(DATA TO USE begins)

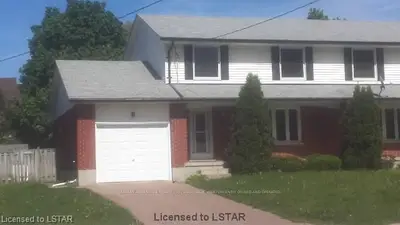 6 CAMPBELL Street, London South, ON N6P 1A9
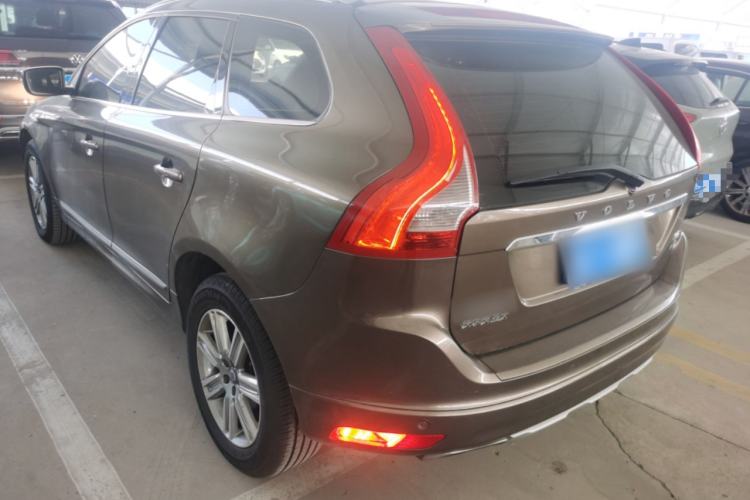 Used Volvo XC60 2016 T5 Smart Version
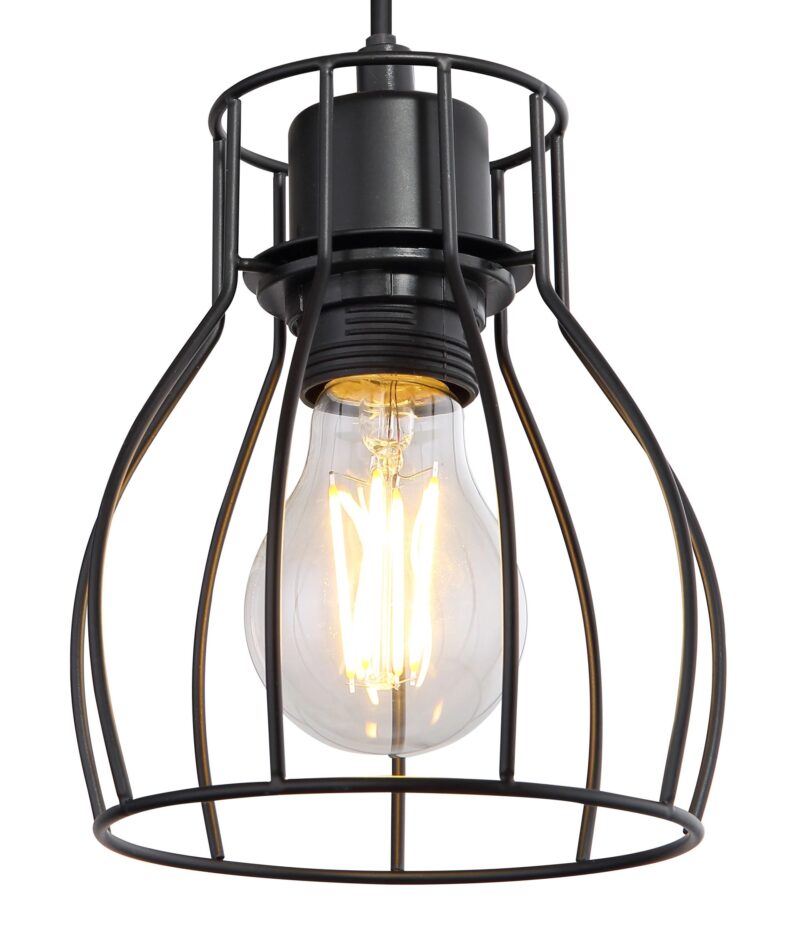 globo-wandlamp-mina-zwart-metaal-bedlampje-e27-15326nw-1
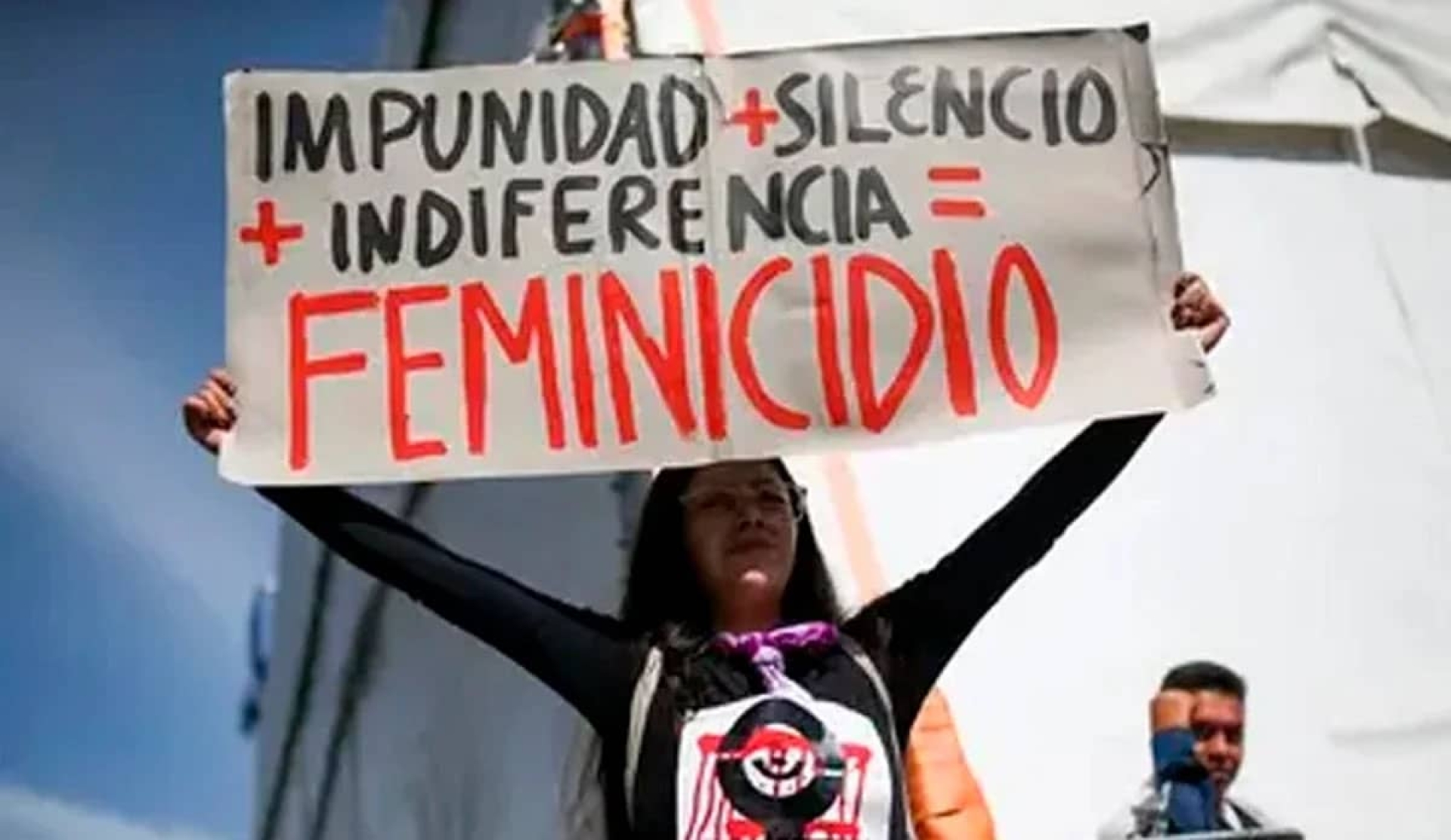 Buscan que 'tentativa de feminicidio' amerite prisión preventiva oficiosa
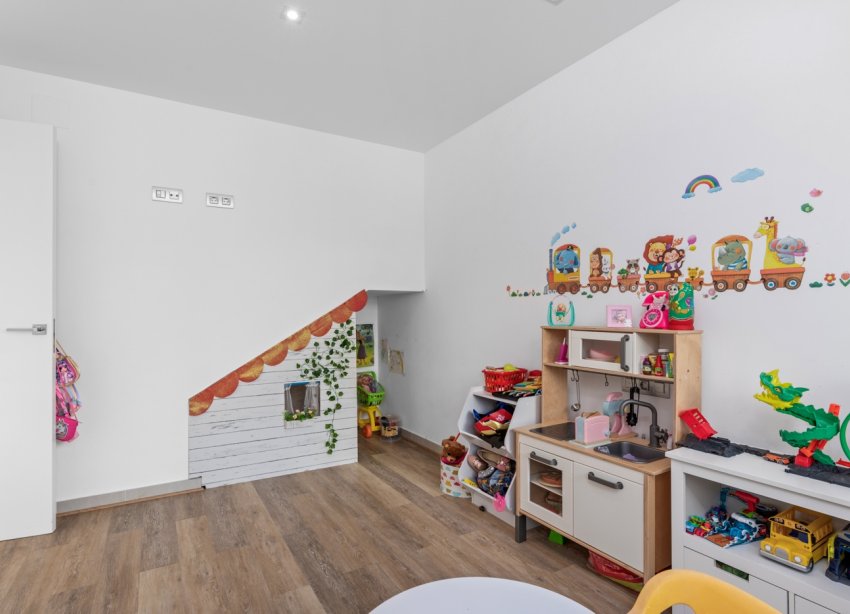 Resale - Villa - Ciudad Quesada - Rojales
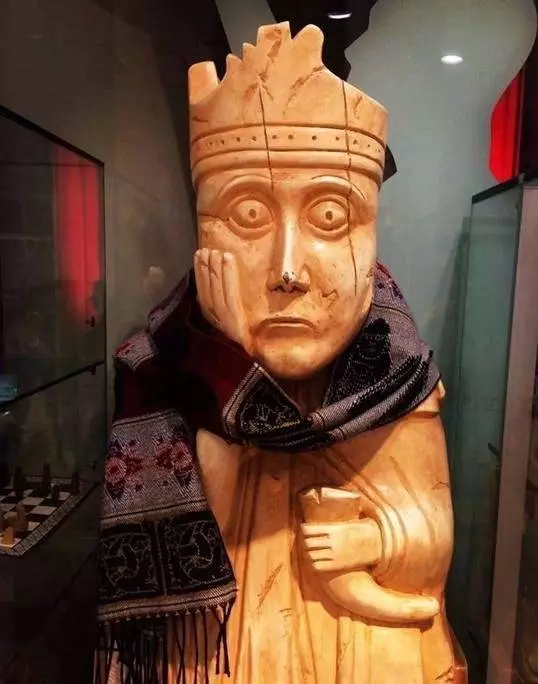 盤點5個全球博物館分享的一些大英博物館里的鎮館之寶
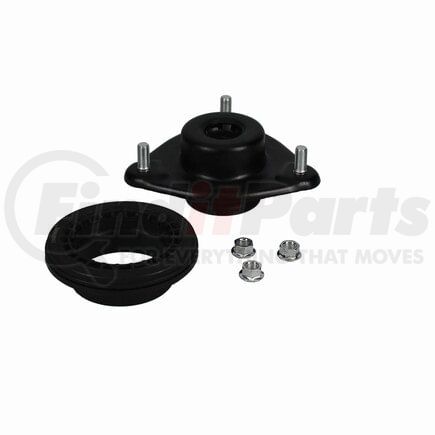 4714059 by DEA - Suspension Strut Mount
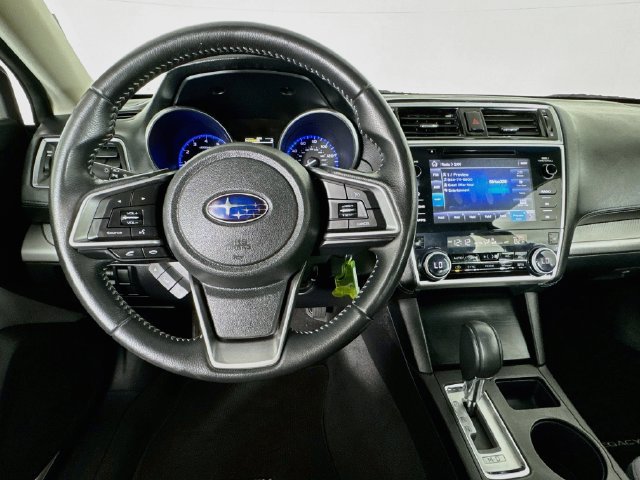 Used 2018 Subaru Legacy 2.5i Premium AWD/4WD image 10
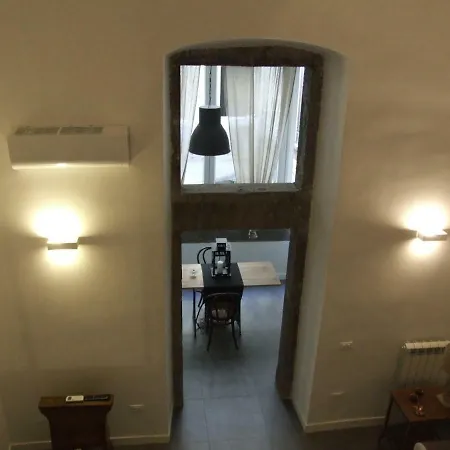 Bed & Breakfast Cosyhomesuite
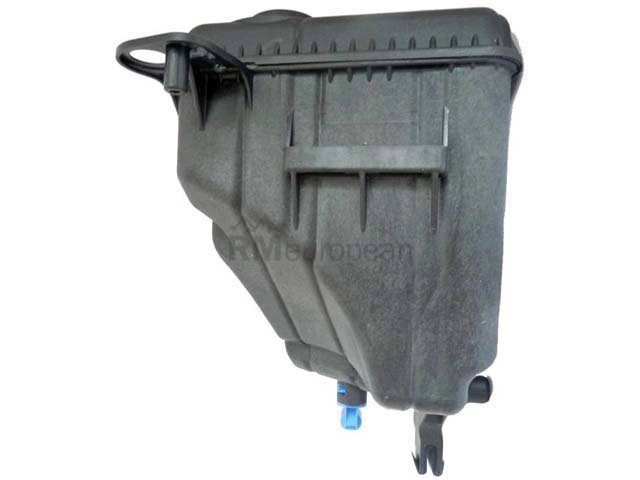 BMW Coolant Expansion Tank Mahle Behr 17137647283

(DATA TO USE ends)

● **REQUIRED WORK**:
Begin at the line containing "Bed & Breakfast Cosyhomesuite" and restate exactly every line through the end of the material, skipping the pictures.

● **EXERCISE OUTPUT**:
 Bed & Breakfast Cosyhomesuite
 BMW Coolant Expansion Tank Mahle Behr 17137647283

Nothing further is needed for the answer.